The legal requirements to become a CPA are similar in most states. A person needs a bachelor’s degree (and often other experience), pays nearly $1,000 in fees and passes four exams. In recent years, the number of college credit hours required to become licensed has risen from 120 to 150, raising the length of a college career from four years to five.
Proponents of the 150-hour rule typically argue that it will weed out lower-quality candidates and provide better results for consumers. Opponents argue that the change is more likely to restrict competition and drive up costs for consumers because fewer people will become CPAs, while not improving quality.
All 50 U.S. states have adopted this rule, but they did so at different times. This provided a natural experiment to analyze the effects of the higher mandatory education requirements. The results are not impressive.

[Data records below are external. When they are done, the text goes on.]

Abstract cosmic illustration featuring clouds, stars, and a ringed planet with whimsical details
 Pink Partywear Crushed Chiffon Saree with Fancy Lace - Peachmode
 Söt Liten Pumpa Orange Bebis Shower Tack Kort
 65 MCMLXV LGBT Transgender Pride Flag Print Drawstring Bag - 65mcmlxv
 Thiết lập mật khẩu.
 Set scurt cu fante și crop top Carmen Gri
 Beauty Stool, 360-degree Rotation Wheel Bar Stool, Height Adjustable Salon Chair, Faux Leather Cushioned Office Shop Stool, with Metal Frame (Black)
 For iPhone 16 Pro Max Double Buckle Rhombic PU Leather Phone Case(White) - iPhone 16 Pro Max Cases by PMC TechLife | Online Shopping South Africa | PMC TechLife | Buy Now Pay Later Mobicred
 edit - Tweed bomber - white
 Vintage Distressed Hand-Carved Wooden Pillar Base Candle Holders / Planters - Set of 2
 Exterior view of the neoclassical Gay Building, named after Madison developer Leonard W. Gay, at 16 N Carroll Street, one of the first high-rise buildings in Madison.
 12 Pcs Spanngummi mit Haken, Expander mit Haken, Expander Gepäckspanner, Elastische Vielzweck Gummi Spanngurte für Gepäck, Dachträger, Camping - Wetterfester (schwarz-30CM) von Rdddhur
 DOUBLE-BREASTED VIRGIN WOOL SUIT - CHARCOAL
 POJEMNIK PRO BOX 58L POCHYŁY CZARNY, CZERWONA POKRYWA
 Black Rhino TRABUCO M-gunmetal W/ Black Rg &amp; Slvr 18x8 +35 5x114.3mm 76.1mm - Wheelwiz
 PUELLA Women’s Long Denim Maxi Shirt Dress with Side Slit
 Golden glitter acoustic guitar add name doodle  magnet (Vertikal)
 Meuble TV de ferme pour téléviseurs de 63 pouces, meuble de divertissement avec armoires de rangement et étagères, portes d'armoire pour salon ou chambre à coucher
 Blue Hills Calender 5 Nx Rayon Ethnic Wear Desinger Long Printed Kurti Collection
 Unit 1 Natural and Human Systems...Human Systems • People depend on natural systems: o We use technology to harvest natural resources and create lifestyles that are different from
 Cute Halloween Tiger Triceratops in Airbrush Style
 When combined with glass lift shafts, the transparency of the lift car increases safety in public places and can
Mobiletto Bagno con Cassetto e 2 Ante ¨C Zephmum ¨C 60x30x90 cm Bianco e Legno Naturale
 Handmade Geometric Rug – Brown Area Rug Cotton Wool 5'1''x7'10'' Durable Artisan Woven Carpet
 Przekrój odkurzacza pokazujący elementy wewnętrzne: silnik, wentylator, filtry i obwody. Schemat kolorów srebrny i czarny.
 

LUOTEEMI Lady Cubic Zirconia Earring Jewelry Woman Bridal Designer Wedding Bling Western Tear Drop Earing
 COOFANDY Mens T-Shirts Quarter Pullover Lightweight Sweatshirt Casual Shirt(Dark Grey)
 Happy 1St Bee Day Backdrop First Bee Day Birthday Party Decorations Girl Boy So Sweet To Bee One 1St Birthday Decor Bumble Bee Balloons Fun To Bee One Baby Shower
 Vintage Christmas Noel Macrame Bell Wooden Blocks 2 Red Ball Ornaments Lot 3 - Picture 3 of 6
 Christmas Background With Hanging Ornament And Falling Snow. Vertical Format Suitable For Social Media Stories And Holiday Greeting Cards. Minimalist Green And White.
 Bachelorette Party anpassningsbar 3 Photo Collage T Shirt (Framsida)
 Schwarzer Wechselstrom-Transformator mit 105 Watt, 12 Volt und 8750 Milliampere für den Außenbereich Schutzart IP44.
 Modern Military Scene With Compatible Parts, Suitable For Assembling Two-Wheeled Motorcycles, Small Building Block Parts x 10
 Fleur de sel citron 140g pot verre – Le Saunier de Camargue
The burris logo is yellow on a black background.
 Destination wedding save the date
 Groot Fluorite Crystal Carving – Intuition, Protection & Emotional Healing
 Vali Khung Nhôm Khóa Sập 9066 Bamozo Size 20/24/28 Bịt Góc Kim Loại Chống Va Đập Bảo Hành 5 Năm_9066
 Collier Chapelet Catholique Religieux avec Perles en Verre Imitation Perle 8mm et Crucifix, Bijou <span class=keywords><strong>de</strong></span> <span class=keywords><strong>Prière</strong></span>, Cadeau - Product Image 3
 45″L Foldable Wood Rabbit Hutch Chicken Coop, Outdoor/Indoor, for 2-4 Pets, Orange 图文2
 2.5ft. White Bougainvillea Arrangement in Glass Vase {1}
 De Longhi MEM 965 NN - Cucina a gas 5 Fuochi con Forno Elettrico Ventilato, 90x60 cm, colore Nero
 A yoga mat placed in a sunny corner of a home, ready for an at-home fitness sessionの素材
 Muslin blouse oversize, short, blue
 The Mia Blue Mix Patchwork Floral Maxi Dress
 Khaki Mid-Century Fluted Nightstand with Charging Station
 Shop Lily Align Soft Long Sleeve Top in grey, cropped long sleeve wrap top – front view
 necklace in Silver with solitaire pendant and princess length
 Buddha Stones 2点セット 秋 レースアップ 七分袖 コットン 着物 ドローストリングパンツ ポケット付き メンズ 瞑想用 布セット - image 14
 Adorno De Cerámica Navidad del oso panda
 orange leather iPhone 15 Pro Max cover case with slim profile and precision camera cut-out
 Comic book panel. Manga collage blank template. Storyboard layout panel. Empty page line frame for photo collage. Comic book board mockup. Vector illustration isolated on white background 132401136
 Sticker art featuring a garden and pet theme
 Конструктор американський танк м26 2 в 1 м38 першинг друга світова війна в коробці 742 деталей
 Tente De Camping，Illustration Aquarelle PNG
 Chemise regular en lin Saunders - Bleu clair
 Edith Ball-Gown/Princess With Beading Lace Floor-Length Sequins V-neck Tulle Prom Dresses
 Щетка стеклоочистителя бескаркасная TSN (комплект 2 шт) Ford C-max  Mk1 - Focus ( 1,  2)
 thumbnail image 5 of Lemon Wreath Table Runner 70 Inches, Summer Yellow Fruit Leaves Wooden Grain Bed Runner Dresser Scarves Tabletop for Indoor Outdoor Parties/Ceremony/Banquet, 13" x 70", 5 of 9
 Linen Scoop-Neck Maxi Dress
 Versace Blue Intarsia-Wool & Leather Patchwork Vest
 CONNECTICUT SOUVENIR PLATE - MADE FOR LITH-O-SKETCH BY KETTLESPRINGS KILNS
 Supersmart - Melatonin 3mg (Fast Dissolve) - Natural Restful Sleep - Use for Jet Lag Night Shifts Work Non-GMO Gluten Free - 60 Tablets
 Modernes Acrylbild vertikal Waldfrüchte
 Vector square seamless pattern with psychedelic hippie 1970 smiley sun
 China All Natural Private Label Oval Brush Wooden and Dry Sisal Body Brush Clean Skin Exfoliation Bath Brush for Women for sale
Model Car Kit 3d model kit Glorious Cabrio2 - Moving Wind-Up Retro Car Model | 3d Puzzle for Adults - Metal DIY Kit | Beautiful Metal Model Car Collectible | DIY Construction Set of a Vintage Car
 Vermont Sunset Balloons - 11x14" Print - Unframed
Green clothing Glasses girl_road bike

In a working paper, John Barrios of the University of Chicago Booth School of Business tracked the career paths of 10,000 CPAs in 11 states over the past four decades. He compared those who completed 150 hours of coursework to those who only completed 120 hours.
The results of this report are consistent with those found in studies from many other scholars: Licensing mandates lead to higher wages for some at the expense of consumers, with little evidence of improved quality of services. Government should not enact restrictions on competition if doing so doesn’t result in better protections for the public. Policymakers in Michigan should take note.